2012/6/14, Otis Gospodnetic <otis_gospodnetic@yahoo.com>:
> JM, have a look at https://github.com/sematext/HBaseWD (this comes up
> often.... Doug, maybe you could add it to the Ref Guide?)
> Otis
> ----
> Performance Monitoring for Solr / ElasticSearch / HBase -
> http://sematext.com/spm
>> From: Jean-Marc Spaggiari <jean-marc@spaggiari.org>
>>To: user@hbase.apache.org
>>Sent: Wednesday, June 13, 2012 12:16 PM
>>Subject: Timestamp as a key good practice?
>>I watched Lars George's video about HBase and read the documentation
>>and it's saying that it's not a good idea to have the timestamp as a
>>key because that will always load the same region until the timestamp
>>reach a certain value and move to the next region (hotspotting).
>>I have a table with a uniq key, a file path and a "last update" field.
>>I can easily find back the file with the ID and find when it has been
>>But what I need too is to find the files not updated for more than a
>>certain period of time.
>>If I want to retrieve that from this single table, I will have to do a
>>full parsing of the table.
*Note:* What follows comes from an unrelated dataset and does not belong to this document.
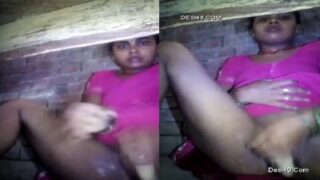 Wife lifts saree to make pussy sex using vegetable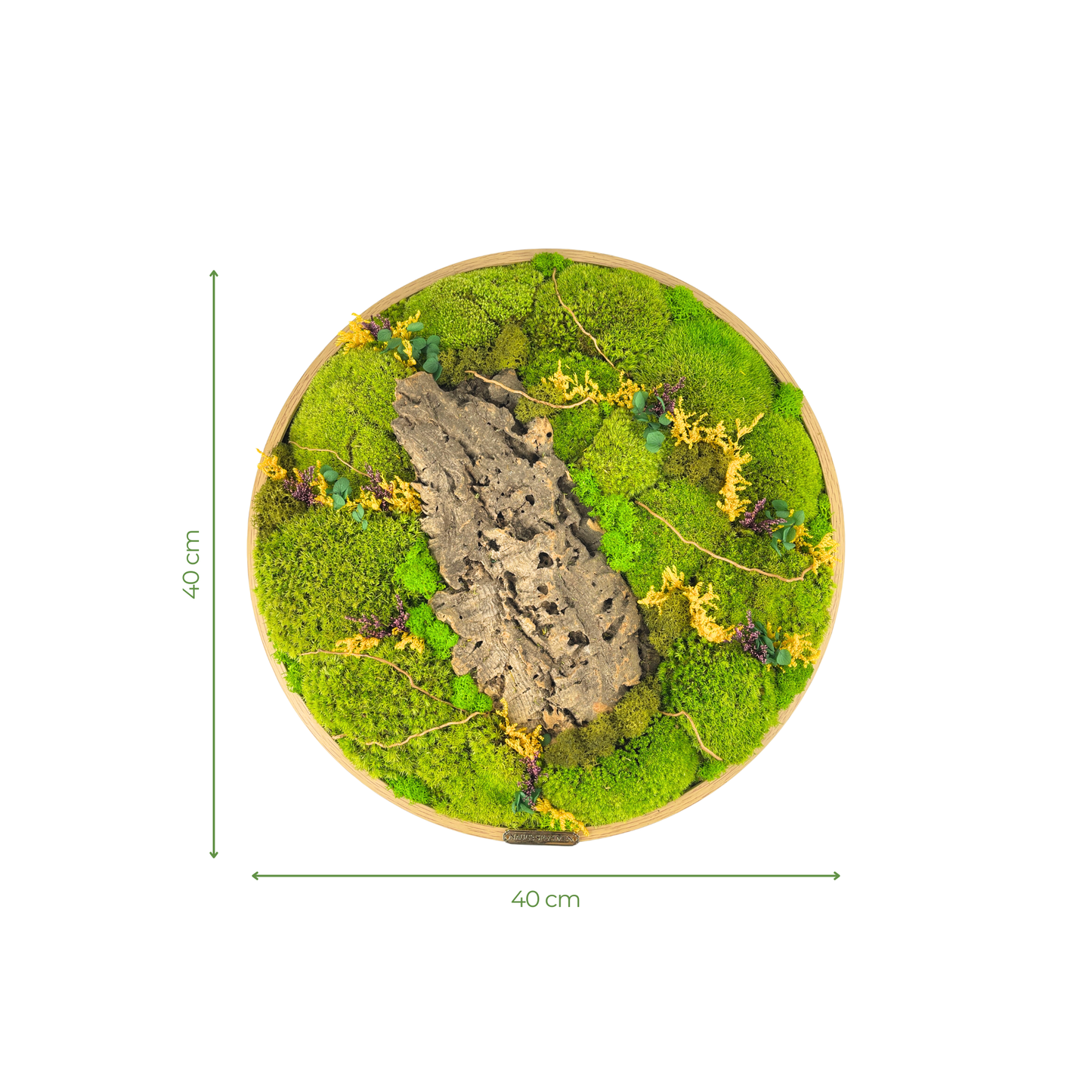 Preserved Moss Frame with Cork Bark 40CM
Which might take a while.
>>So I thought of building a table to reference that (kind of secondary
>>index). The key is the "last update", one FC and each column will have
>>the ID of the file with a dummy content.
>>When a file is updated, I remove its cell from this table, and
>>introduce a new cell with the new timestamp as the key.
>>And so one.
>>With this schema, I can find the files by ID very quickly and I can
>>find the files which need to be updated pretty quickly too. But it's
>>hotspotting one region.
> >From the video (0:45:10) I can see 4 situations.
>>1) Hotspotting.
>>2) Salting.
>>3) Key field swap/promotion
>>4) Randomization.
>>I need to avoid hostpotting, so I looked at the 3 other options.
>>I can do salting. Like prefix the timestamp with a number between 0
>>and 9. So that will distribut the load over 10 servers. To find all
>>the files with a timestamp below a specific value, I will need to run
>>10 requests instead of one. But when the load will becaume to big for
>>10 servers, I will have to prefix by a byte between 0 and 99? Which
>>mean 100 request? And the more regions I will have, the more requests
>>I will have to do. Is that really a good approach?
>>Key field swap is close to salting. I can add the first few bytes from
>>the path before the timestamp, but the issue will remain the same.
>>I looked and randomization, and I can't do that. Else I will have no
>>way to retreive the information I'm looking for.
>>So the question is. Is there a good way to store the data to retrieve
>>them base on the date?